阪神タイガースの事ではない。グループサウンズ(GS)のザ・タイガースである。週刊文春に、元メンバーで解散以降メデイア取材を一切拒否していた「ピー」こと瞳みのる氏のインタビュー記事が掲載されていた。そして知ったのだが、40年振りに沢田研二のバックバンドとして復活するらしい。事実上、ザ・タイガースの再結成である。

彼らの存在を初めて知ったのは、中3の修学旅行で訪れた三越本店のレコードコーナーである。デビュー版レコード「僕のマリー」だったか。このジャケットを目にした時に、また新たなGSグループが誕生するのかなと思った程度であった。

昭和424月の事である。それより更に40年前と言えば、大戦を飛び越えて昭和2年になってしまうが、どうでも宜しい・・・。当時は数年前のスパイダースの登場以来GSブーム全盛の頃で、テレビの音楽番組もGSで席巻され、それまで主流の演歌や歌謡曲は一時脇役的存在になってしまった。拙者的にも、これら伝統の所謂流行歌にはどこか馴染めないものがあり、新しいサウンドの出現にワクワクしたものである。今日でも、この強烈な印象があるせいか、演歌を聴きたいとも歌いたとも思わないのであるが・・・。
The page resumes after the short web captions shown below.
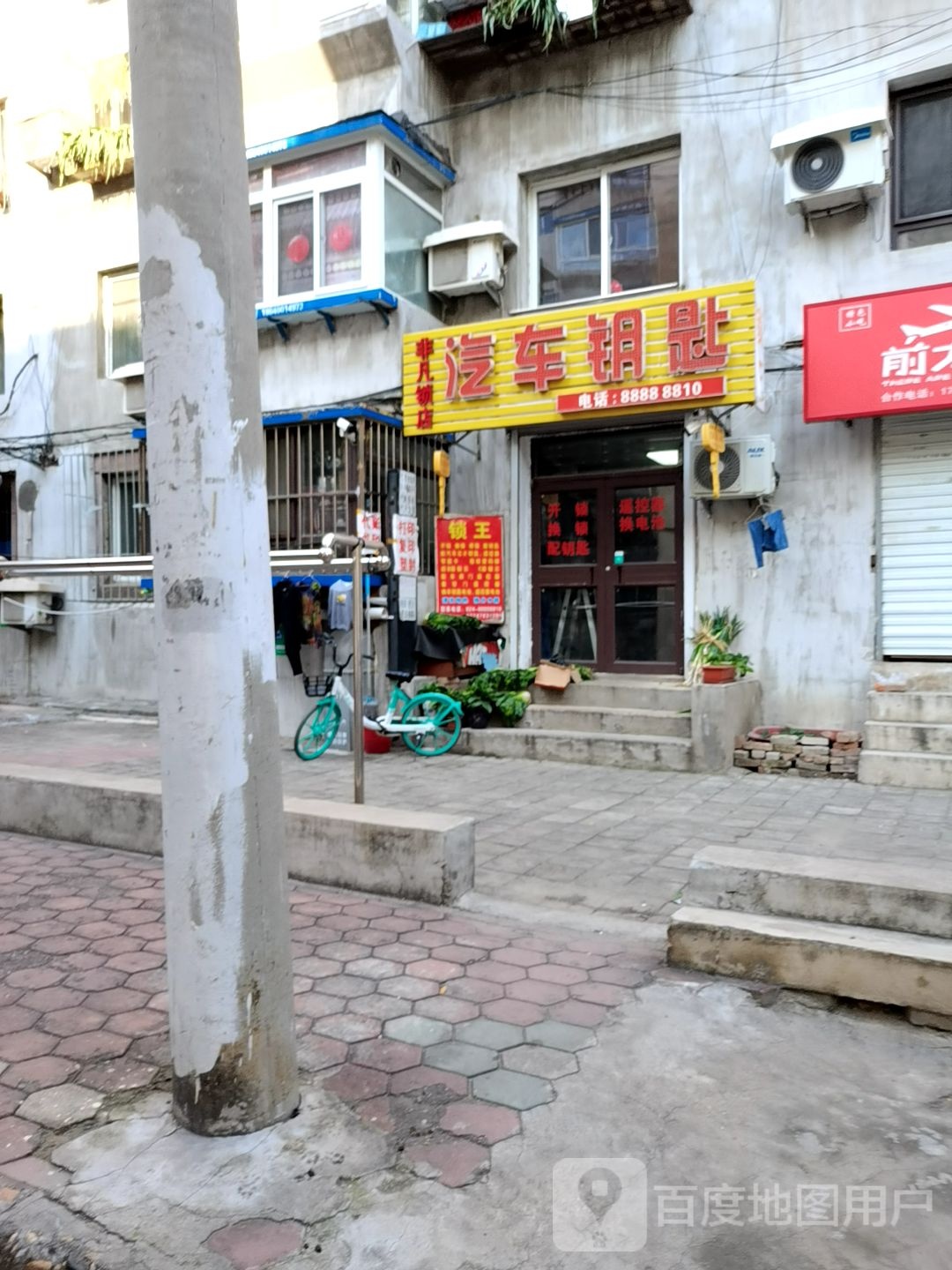 非凡锁店汽车钥匙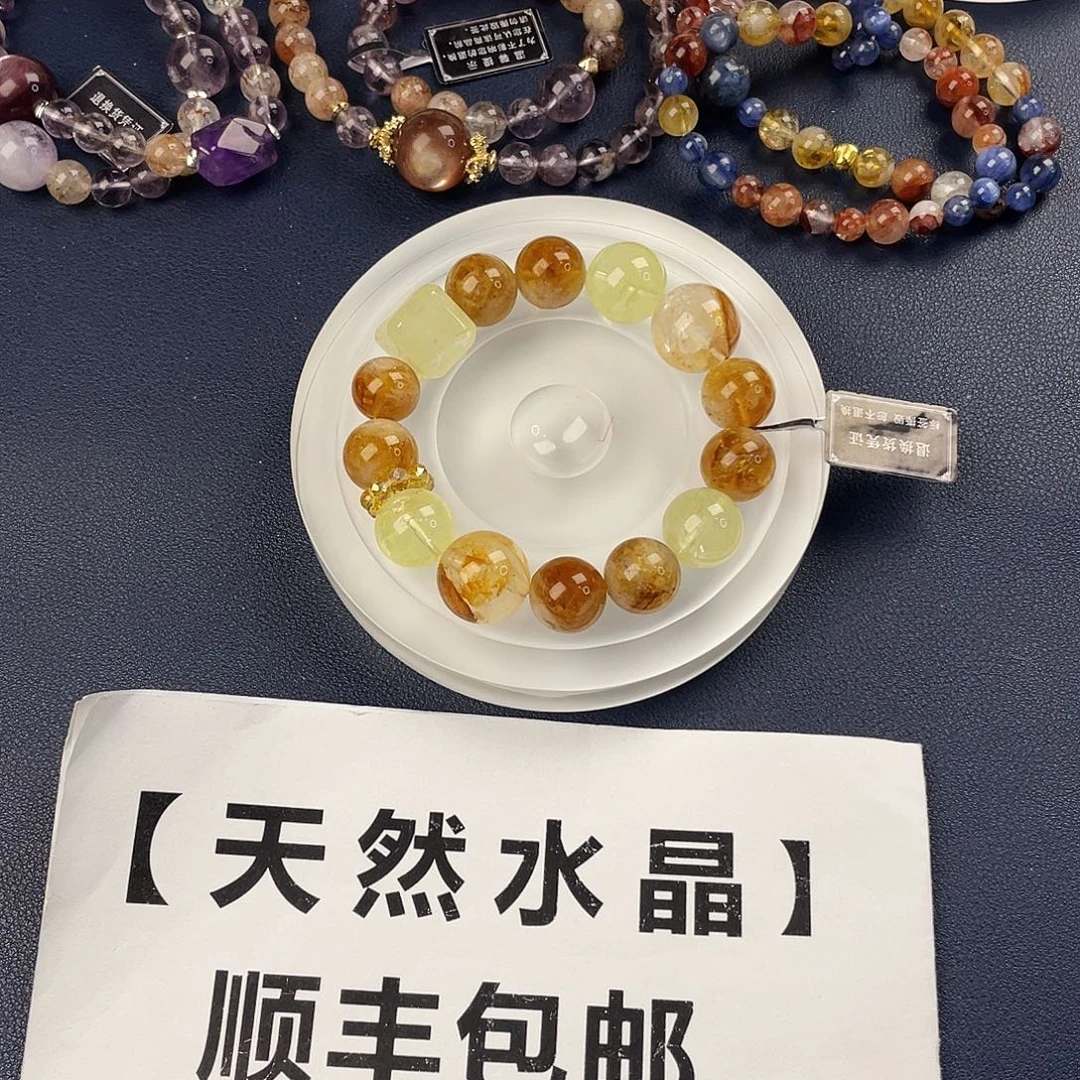 银S925镶嵌手链烟晶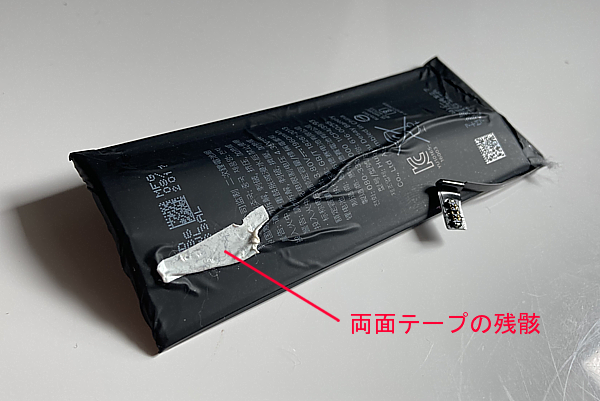 厄介な両面テープ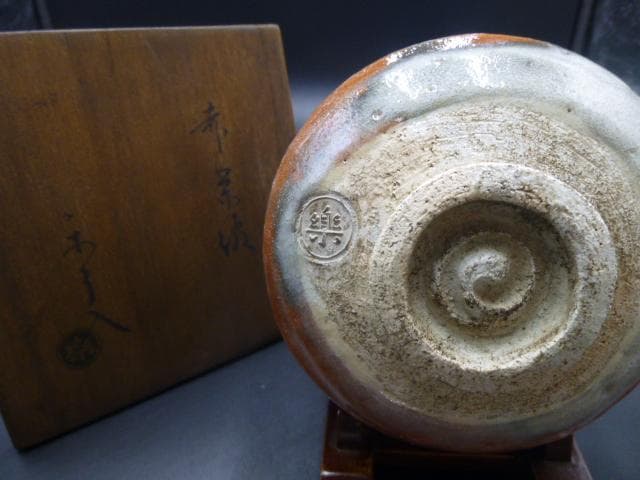 楽吉衛衛門　九代　了入　赤茶碗／共箱／楽吉衛衛門　十代　旦入極め箱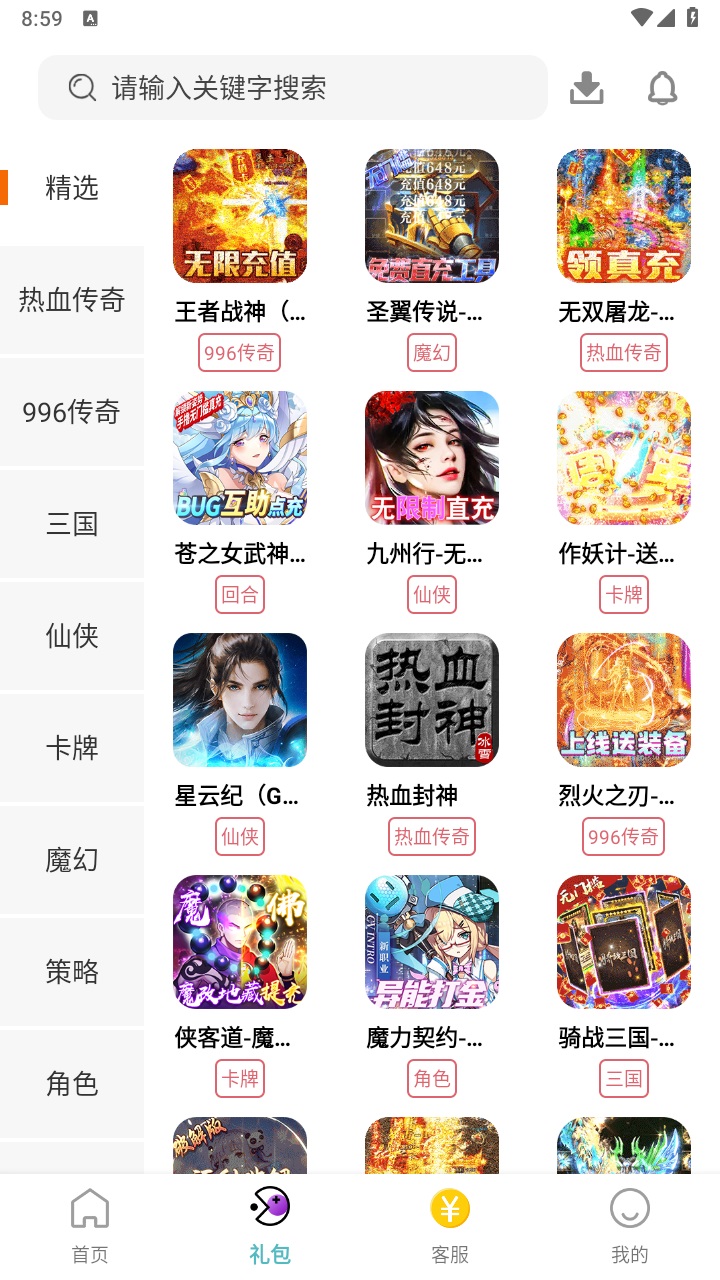 特权手游盒子 3.0.23420安卓版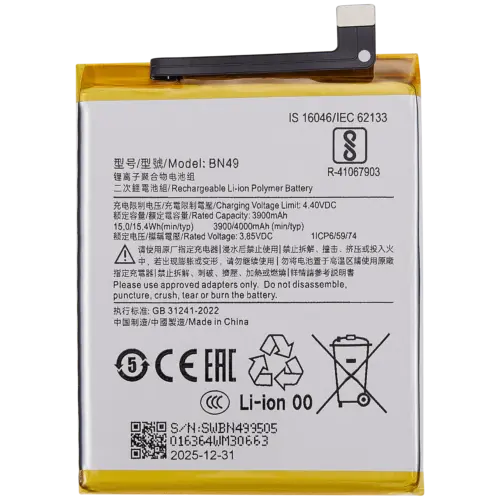 Replacement Battery For Xiaomi Redmi 7A (BN49)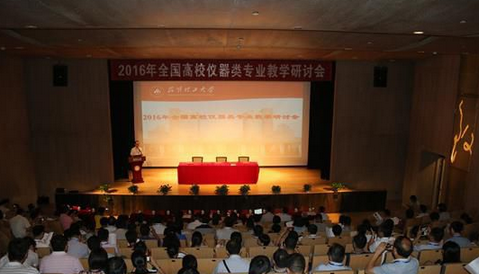 2016年全國高校儀器類專業(yè)教學(xué)研討會在昆明成功召開！(圖1)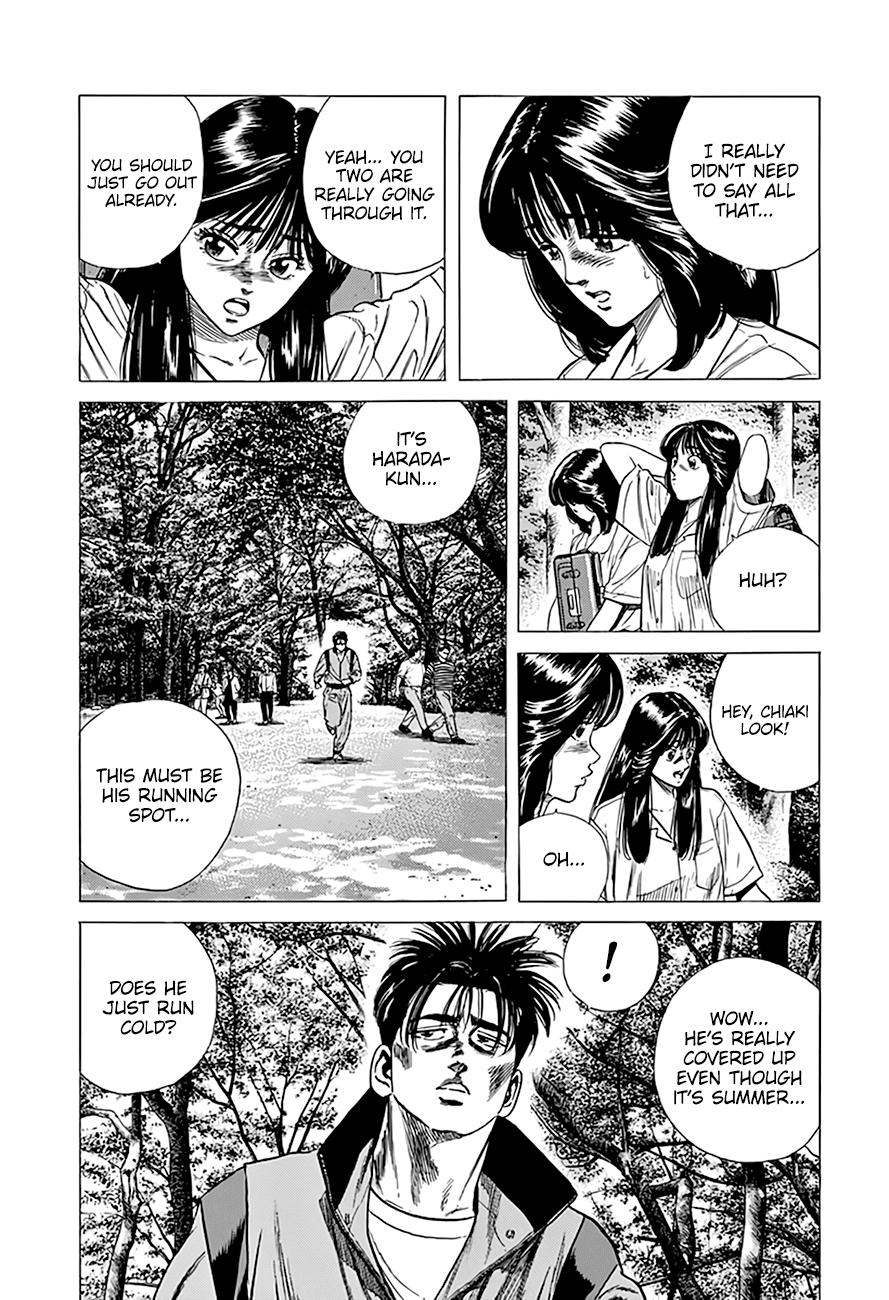Read Good For Nothing Blues Manga Online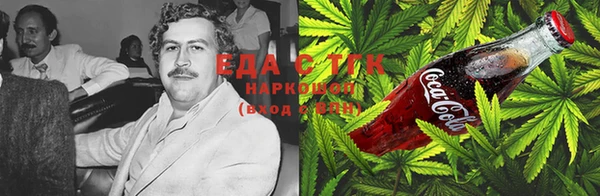 мет Нея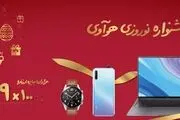 اَبَر جشنواره نوروزی هوآوی تمدید شد

デビュー後まもなくして、人気に火がつき、大御所のスパイダースやブルコメ等の並み居るバンドをぶっちぎりの感があった。テレビで放送されるライブコンサートでは、若い女性達のキャーキャー声と熱狂は凄まじい物があった。どこか虚弱で守ってあげたい雰囲気の「大和撫子」が、此頃を境にして猪突猛進の女、ナデシコ・ジャパンに変質してしまったようだ。

YouTubeで当時の映像を検索してみたが無かった。あるのは、その後収録された懐メロ的番組のものばかりで、生々しいエネルギーが感じられないのは残念である。今の若い世代に、当時の凄まじさを説明しようにも、証拠映像がないのではお話にならない。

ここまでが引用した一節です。